開会式が始まり、続いて試合が総当たり戦で予定通り行われた。
2試合目、みどりさんの出番がきた。
最初は、固かった動きも徐々に滑らかになり、それが、いつものおしとやかなみどりさんとは別人のように、早く野性的な動きへと変わっていった。
かっこよかった。というか
かっこよすぎて驚いた。
顔つきが鋭くなり、肩が上がって、動きの切り替えの速さが秀逸で、見ていて素晴らしかった。
女だからか、すぐに囲まれてボールを取られそうになるが、巧みにかわしてゴールを決めた。
私は、2階の応援席から、
「みどりさんナイスゴール!」
と叫んでいた。みどりさんも私を見て手を振ってくれた。
ロングシュートが決まった時には、感動し過ぎて両腕のざわざわが止まらなかった。
試合後、応援席に戻って来たみどりさんに、私は自然に両手を出した。みどりさんも駆け寄ってきて、ハイタッチしてくれた。
その一瞬で、私はある事を思い出していた。
顔の近くの割と間近でハイタッチして、合わさった手の先の指の先端が少し曲がって、一瞬、握り締められるような感触。

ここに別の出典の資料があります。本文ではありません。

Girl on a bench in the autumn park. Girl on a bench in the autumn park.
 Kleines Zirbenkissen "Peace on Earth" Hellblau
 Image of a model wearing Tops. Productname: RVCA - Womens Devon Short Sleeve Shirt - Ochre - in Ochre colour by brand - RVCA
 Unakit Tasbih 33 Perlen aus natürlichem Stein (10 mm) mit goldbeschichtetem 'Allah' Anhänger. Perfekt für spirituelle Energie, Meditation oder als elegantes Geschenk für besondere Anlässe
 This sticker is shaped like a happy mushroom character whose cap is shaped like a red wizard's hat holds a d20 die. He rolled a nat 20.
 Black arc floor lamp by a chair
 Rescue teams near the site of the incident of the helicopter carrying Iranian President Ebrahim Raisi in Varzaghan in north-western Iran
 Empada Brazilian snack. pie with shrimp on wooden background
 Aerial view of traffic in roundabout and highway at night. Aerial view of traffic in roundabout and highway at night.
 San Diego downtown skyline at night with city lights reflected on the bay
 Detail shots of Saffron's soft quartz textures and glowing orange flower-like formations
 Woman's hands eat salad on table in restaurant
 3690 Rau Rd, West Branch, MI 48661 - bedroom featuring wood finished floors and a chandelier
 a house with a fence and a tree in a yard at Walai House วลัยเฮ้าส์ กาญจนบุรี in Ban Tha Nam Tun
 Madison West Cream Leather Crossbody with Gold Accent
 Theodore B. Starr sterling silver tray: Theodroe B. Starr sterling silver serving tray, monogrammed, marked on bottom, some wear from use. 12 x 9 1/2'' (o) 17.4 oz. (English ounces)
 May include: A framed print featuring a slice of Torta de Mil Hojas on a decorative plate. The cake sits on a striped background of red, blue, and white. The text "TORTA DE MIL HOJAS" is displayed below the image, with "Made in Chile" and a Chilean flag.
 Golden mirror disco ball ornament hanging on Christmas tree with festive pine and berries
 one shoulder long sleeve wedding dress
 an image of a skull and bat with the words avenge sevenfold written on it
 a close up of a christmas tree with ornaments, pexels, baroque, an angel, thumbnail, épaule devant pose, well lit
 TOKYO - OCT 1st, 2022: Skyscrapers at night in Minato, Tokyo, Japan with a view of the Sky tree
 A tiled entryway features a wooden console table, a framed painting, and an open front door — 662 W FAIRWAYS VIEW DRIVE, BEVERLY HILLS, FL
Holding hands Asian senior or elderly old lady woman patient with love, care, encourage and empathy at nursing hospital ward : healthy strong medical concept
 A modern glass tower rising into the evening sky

昔、中沢君とやっていたハイタッチと同じ感触。あの時の感触が鮮明に蘇ってきた。
ほんの一瞬だったけど、懐かしさが込み上げ、思いもよらず、涙が溢れてきた。
みどりさんがそれに気付いて、
「まだ、1回勝っただけよ。泣くの早いよぉ。」
と困ったように私の顔を見た。私は慌てて、
「ごめん、みどりさんがあまりにもカッコ良すぎて、感動してるの。」
すると彼女は、その大きな手で私の頭を優しく撫でてくれた。
試合は準優勝に終わり、私は、後日行われた祝勝会にも参加させて頂いた。